The Progressive Imam

When I told my son that I was going to Cape Town, he told he had a friend there who belonged to a mosque committed to including women in worship, a community under the leadership of a progressive imam. It happened that my commitments to teach at Limmud, the South African version of the British festival of Jewish study, began late Friday afternoon. So I called Imam A. Rashied Omar and arranged to visit the Claremont Main Road Mosque for Friday prayers and an interview.

My new article on the mosque and the imam is now up at the American Prospect. A personal preface: The fact that I wrote about this particular community and its leader doesn’t mean they are unique. Indeed, friends who have already seen the article have already sent me names of other Islamic teachers working in similar veins. I’m writing about Omar because he’s the one I had the opportunity to meet.

I don’t know what portion of Muslims he or his community represent. But I don’t think that the essence of a faith is determined by majority vote. In 1665, the majority of Jews believed Shabtai Tzvi was messiah and that Nathan of Gaza was his prophet. The dissidents who understood that their community was in the midst of mass hysteria had a stronger grasp of Judaism. Today the majority of Orthodox Zionists in Israel are caught up in a warped version of Judaism, originally promoted by that latter-day Nathan of Gaza, Tzvi Yehudah Kook, that sanctifies land, power and Jewish exclusivism. I firmly believe that the majority is deeply mistaken.
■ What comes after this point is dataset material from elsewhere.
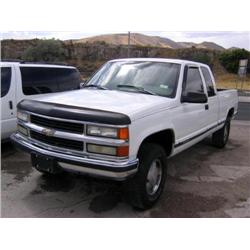 *1996 Chevy 1500 Pickup, White, Ai Bags, A/C, Tilt, All Power, Cd Player, Ext. Cab, Vn# 1Gcek19M3Te1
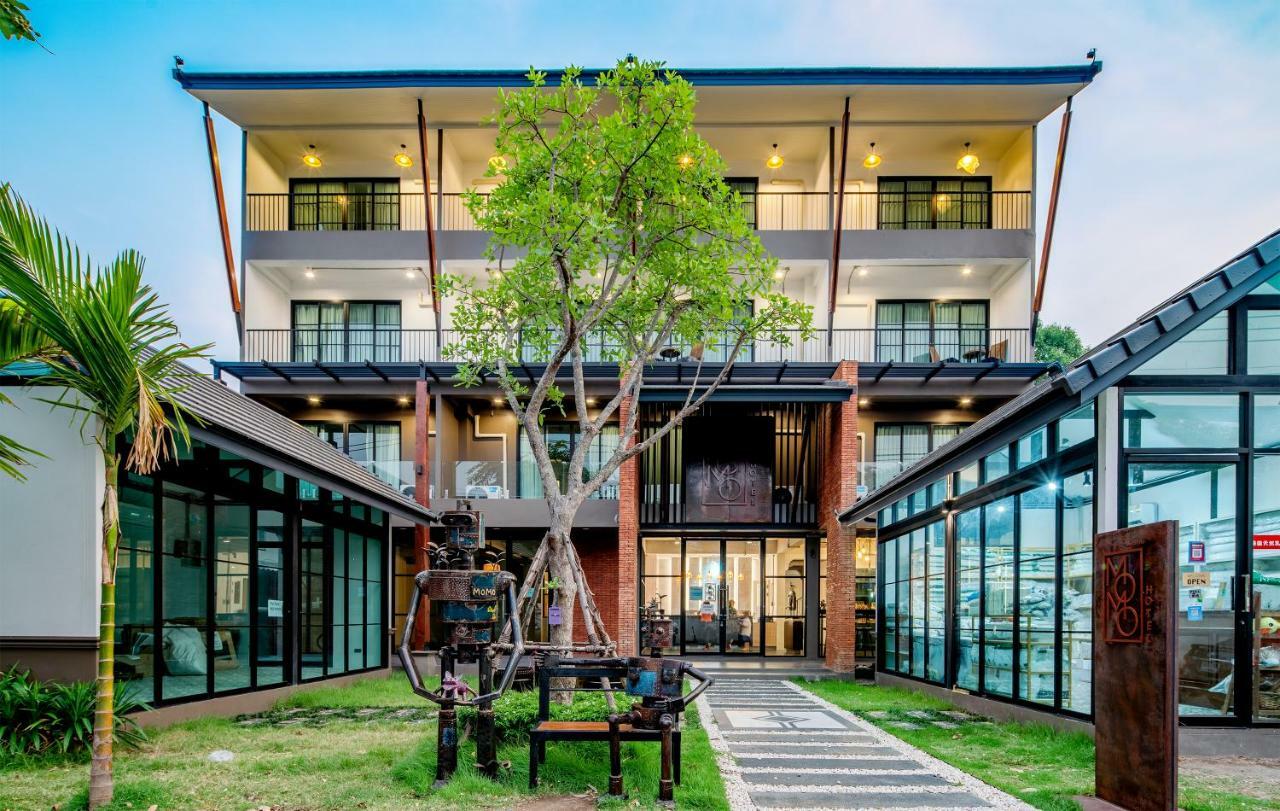 Momo Hotel チエンマイ エクステリア 写真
This is a statement that can be made from within a tradition. Looking at Islam from the outside I can only note that there is a debate within it. Most writers from the outside who assert what Islam “really” is do so for polemic purposes. That most certainly includes Israeli polemicists, professional and amateur, who assert that Islam “really” is violent and incapable of reconciliation with Judaism – a reading that conveniently places the responsibility of unending conflict entirely on the opposing side.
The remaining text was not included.